Porosmedia.com, Bandung – Ketua Dewan Kerajinan Nasional Daerah (Dekranasda) Kota Bandung, Aryatri Muhammad Farhan, menyampaikan kritik tajam terhadap sistem kurasi produk UMKM yang selama ini dianggap kurang transparan dan eksklusif. Dalam Musyawarah Daerah (Musda) Dekranasda Kota Bandung Tahun 2025 yang digelar di Dapur Hawu The Lodge Maribaya, Lembang, Selasa (10/6/2025), Aryatri menekankan pentingnya reformasi menyeluruh dalam sistem seleksi dan promosi produk UMKM.

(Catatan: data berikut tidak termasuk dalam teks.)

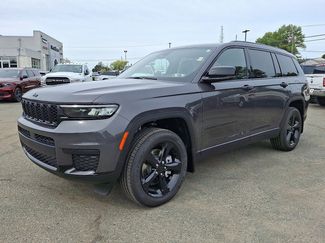 New 2025 Jeep Grand Cherokee L Altitude video 2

“Dekranasda itu bukan sekadar etalase UMKM, tapi harus jadi level lanjutan yang mengedepankan kualitas, keterbukaan, dan keadilan akses,” tegas Aryatri.
Kritik terhadap Sistem Kurasi: “Empat Orang Kurasi 600 Produk, Ini Tidak Masuk Akal”
Hingga saat ini, tercatat sekitar 600 UMKM telah lolos kurasi Dekranasda dari total 800 yang mendaftar. Namun, Aryatri mengakui, proses kurasi yang hanya dilakukan oleh empat orang bukan hanya tidak ideal, tapi juga membuka ruang persepsi negatif di masyarakat.
“Mengkurasi 600 produk hanya oleh empat orang jelas tidak ideal. Ini bukan hanya soal teknis, tapi soal kepercayaan publik terhadap sistem kita,” ujarnya.
Ia mengkritisi anggapan miring bahwa hanya “orang dalam” yang bisa lolos seleksi, serta minimnya rotasi produk yang membuat Dekranasda terkesan tertutup dan elitis.
“Kita enggak mau lagi ada kesan Dekranasda hanya milik segelintir pelaku lama. Kita harus buka jalur resmi dan transparan bagi semua yang layak,” tandasnya.
Aryatri menyerukan agar semua pihak, baik komunitas, lembaga, maupun individu, aktif merekomendasikan produk unggulan UMKM lainnya untuk masuk ke sistem kurasi resmi. Ia menyebut kolaborasi sebagai kunci untuk menciptakan ekosistem yang lebih adil dan meritokratis.
Menyoal efisiensi anggaran, Aryatri menantang kebiasaan lama yang sering menjadikan promosi produk sebagai alasan untuk perjalanan luar kota atau luar negeri.
“Kenapa kita enggak bawa pembeli dan wisatawan ke Bandung? Supaya mereka beli langsung di sini. Kita butuh perputaran ekonomi lokal yang nyata, bukan sekadar promosi simbolik,” katanya.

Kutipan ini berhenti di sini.